* MATERIAL PROVIDED *
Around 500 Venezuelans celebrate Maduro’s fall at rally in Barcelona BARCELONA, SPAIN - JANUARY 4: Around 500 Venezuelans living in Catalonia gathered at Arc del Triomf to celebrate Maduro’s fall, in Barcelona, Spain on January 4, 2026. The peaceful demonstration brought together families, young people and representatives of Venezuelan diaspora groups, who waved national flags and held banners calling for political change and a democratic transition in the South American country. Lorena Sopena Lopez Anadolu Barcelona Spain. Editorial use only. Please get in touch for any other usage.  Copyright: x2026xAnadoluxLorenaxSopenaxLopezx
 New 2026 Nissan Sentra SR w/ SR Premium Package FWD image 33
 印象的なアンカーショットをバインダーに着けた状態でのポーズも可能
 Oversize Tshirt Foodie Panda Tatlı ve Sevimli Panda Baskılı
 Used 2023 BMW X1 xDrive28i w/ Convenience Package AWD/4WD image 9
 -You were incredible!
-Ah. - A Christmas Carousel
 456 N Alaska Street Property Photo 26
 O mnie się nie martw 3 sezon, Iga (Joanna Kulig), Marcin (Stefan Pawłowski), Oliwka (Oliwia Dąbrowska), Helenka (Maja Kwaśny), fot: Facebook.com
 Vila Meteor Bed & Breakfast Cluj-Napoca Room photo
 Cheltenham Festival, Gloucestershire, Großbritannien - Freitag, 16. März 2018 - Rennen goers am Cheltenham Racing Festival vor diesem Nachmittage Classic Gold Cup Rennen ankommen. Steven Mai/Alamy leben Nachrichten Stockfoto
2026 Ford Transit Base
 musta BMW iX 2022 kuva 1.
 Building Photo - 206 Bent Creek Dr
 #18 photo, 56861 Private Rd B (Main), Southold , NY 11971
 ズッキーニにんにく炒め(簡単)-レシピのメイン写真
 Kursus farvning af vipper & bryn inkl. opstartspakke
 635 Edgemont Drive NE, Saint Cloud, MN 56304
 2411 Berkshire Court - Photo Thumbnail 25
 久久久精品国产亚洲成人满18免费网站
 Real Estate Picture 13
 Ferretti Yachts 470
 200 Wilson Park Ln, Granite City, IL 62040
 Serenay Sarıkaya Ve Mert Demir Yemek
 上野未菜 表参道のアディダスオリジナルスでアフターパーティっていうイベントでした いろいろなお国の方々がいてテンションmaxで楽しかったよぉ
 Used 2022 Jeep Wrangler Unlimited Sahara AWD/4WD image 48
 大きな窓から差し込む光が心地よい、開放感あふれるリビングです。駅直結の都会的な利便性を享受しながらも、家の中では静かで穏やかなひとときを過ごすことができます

* WHAT NEEDS TO BE DONE *
Which lines run from the one containing "Kursus farvning af" through the end of the material? Output them exactly.

* SOLUTION TO THE PROBLEM *
 Kursus farvning af vipper & bryn inkl. opstartspakke
 635 Edgemont Drive NE, Saint Cloud, MN 56304
 2411 Berkshire Court - Photo Thumbnail 25
 久久久精品国产亚洲成人满18免费网站
 Real Estate Picture 13
 Ferretti Yachts 470
 200 Wilson Park Ln, Granite City, IL 62040
 Serenay Sarıkaya Ve Mert Demir Yemek
 上野未菜 表参道のアディダスオリジナルスでアフターパーティっていうイベントでした いろいろなお国の方々がいてテンションmaxで楽しかったよぉ
 Used 2022 Jeep Wrangler Unlimited Sahara AWD/4WD image 48
 大きな窓から差し込む光が心地よい、開放感あふれるリビングです。駅直結の都会的な利便性を享受しながらも、家の中では静かで穏やかなひとときを過ごすことができます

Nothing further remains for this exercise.